DESCRIPTION OF THE TASK:
Give the entries again in full. Nothing may be altered.

(Short web captions)
[Start of Attachment]

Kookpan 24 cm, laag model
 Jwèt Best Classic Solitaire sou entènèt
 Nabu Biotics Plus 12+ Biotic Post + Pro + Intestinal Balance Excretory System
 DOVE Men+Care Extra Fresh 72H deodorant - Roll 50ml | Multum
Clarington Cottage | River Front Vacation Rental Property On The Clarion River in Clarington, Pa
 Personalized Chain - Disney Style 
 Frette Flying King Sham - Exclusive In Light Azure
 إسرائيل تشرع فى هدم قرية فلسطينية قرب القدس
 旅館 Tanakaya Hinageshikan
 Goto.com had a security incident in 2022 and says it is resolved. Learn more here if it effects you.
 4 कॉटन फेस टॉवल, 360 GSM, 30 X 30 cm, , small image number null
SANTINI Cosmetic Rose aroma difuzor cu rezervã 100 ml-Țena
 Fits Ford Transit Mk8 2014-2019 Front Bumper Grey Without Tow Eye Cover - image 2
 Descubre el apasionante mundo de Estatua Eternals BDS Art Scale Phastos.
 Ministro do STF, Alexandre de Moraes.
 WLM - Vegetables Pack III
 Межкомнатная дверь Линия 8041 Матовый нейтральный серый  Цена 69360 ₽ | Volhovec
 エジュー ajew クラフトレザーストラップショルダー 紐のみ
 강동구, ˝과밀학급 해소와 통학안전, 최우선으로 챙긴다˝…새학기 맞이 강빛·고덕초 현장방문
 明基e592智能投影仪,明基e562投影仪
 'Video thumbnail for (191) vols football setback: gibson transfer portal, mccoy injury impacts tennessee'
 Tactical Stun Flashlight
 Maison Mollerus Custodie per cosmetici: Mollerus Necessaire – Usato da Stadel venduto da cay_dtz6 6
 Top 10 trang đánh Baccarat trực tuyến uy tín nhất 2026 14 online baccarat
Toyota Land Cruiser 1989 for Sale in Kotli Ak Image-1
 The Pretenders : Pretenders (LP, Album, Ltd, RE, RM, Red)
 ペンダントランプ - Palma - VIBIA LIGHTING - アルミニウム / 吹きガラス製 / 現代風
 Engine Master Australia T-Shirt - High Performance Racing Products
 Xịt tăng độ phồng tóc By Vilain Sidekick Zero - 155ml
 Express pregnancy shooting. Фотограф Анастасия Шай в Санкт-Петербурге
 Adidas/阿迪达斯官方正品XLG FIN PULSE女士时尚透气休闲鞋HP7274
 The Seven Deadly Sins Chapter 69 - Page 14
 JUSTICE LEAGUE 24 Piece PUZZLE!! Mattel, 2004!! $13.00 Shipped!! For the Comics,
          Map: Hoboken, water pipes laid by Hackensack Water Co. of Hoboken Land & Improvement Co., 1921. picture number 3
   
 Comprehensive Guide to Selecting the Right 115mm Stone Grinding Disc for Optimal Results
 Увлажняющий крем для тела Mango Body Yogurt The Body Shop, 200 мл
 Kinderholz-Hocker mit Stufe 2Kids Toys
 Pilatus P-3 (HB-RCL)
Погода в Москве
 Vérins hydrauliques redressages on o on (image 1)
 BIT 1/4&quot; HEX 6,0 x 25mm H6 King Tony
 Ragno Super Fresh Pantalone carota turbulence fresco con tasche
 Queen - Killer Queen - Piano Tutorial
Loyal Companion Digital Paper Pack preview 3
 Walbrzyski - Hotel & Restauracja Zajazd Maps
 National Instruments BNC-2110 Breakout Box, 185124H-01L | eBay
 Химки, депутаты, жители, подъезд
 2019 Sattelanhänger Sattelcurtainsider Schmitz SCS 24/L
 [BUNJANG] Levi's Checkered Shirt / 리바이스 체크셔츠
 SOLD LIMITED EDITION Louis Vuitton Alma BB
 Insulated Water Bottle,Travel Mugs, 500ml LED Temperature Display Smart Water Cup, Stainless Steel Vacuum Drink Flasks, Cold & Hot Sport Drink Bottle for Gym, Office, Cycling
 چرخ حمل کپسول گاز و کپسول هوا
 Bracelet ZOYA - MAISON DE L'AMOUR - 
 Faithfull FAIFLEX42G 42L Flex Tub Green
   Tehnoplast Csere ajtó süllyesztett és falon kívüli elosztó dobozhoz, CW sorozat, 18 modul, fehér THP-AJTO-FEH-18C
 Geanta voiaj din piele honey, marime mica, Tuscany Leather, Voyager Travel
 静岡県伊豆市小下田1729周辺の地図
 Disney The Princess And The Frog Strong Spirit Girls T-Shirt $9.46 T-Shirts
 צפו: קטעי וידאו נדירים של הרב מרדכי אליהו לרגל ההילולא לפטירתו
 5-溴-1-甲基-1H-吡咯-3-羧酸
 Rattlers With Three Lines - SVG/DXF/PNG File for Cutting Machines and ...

[End of Attachment]

SOLUTION FOR THIS PROBLEM:
Kookpan 24 cm, laag model
 Jwèt Best Classic Solitaire sou entènèt
 Nabu Biotics Plus 12+ Biotic Post + Pro + Intestinal Balance Excretory System
 DOVE Men+Care Extra Fresh 72H deodorant - Roll 50ml | Multum
Clarington Cottage | River Front Vacation Rental Property On The Clarion River in Clarington, Pa
 Personalized Chain - Disney Style 
 Frette Flying King Sham - Exclusive In Light Azure
 إسرائيل تشرع فى هدم قرية فلسطينية قرب القدس
 旅館 Tanakaya Hinageshikan
 Goto.com had a security incident in 2022 and says it is resolved. Learn more here if it effects you.
 4 कॉटन फेस टॉवल, 360 GSM, 30 X 30 cm, , small image number null
SANTINI Cosmetic Rose aroma difuzor cu rezervã 100 ml-Țena
 Fits Ford Transit Mk8 2014-2019 Front Bumper Grey Without Tow Eye Cover - image 2
 Descubre el apasionante mundo de Estatua Eternals BDS Art Scale Phastos.
 Ministro do STF, Alexandre de Moraes.
 WLM - Vegetables Pack III
 Межкомнатная дверь Линия 8041 Матовый нейтральный серый  Цена 69360 ₽ | Volhovec
 エジュー ajew クラフトレザーストラップショルダー 紐のみ
 강동구, ˝과밀학급 해소와 통학안전, 최우선으로 챙긴다˝…새학기 맞이 강빛·고덕초 현장방문
 明基e592智能投影仪,明基e562投影仪
 'Video thumbnail for (191) vols football setback: gibson transfer portal, mccoy injury impacts tennessee'
 Tactical Stun Flashlight
 Maison Mollerus Custodie per cosmetici: Mollerus Necessaire – Usato da Stadel venduto da cay_dtz6 6
 Top 10 trang đánh Baccarat trực tuyến uy tín nhất 2026 14 online baccarat
Toyota Land Cruiser 1989 for Sale in Kotli Ak Image-1
 The Pretenders : Pretenders (LP, Album, Ltd, RE, RM, Red)
 ペンダントランプ - Palma - VIBIA LIGHTING - アルミニウム / 吹きガラス製 / 現代風
 Engine Master Australia T-Shirt - High Performance Racing Products
 Xịt tăng độ phồng tóc By Vilain Sidekick Zero - 155ml
 Express pregnancy shooting. Фотограф Анастасия Шай в Санкт-Петербурге
 Adidas/阿迪达斯官方正品XLG FIN PULSE女士时尚透气休闲鞋HP7274
 The Seven Deadly Sins Chapter 69 - Page 14
 JUSTICE LEAGUE 24 Piece PUZZLE!! Mattel, 2004!! $13.00 Shipped!! For the Comics,
          Map: Hoboken, water pipes laid by Hackensack Water Co. of Hoboken Land & Improvement Co., 1921. picture number 3
   
 Comprehensive Guide to Selecting the Right 115mm Stone Grinding Disc for Optimal Results
 Увлажняющий крем для тела Mango Body Yogurt The Body Shop, 200 мл
 Kinderholz-Hocker mit Stufe 2Kids Toys
 Pilatus P-3 (HB-RCL)
Погода в Москве
 Vérins hydrauliques redressages on o on (image 1)
 BIT 1/4&quot; HEX 6,0 x 25mm H6 King Tony
 Ragno Super Fresh Pantalone carota turbulence fresco con tasche
 Queen - Killer Queen - Piano Tutorial
Loyal Companion Digital Paper Pack preview 3
 Walbrzyski - Hotel & Restauracja Zajazd Maps
 National Instruments BNC-2110 Breakout Box, 185124H-01L | eBay
 Химки, депутаты, жители, подъезд
 2019 Sattelanhänger Sattelcurtainsider Schmitz SCS 24/L
 [BUNJANG] Levi's Checkered Shirt / 리바이스 체크셔츠
 SOLD LIMITED EDITION Louis Vuitton Alma BB
 Insulated Water Bottle,Travel Mugs, 500ml LED Temperature Display Smart Water Cup, Stainless Steel Vacuum Drink Flasks, Cold & Hot Sport Drink Bottle for Gym, Office, Cycling
 چرخ حمل کپسول گاز و کپسول هوا
 Bracelet ZOYA - MAISON DE L'AMOUR - 
 Faithfull FAIFLEX42G 42L Flex Tub Green
   Tehnoplast Csere ajtó süllyesztett és falon kívüli elosztó dobozhoz, CW sorozat, 18 modul, fehér THP-AJTO-FEH-18C
 Geanta voiaj din piele honey, marime mica, Tuscany Leather, Voyager Travel
 静岡県伊豆市小下田1729周辺の地図
 Disney The Princess And The Frog Strong Spirit Girls T-Shirt $9.46 T-Shirts
 צפו: קטעי וידאו נדירים של הרב מרדכי אליהו לרגל ההילולא לפטירתו
 5-溴-1-甲基-1H-吡咯-3-羧酸
 Rattlers With Three Lines - SVG/DXF/PNG File for Cutting Machines and ...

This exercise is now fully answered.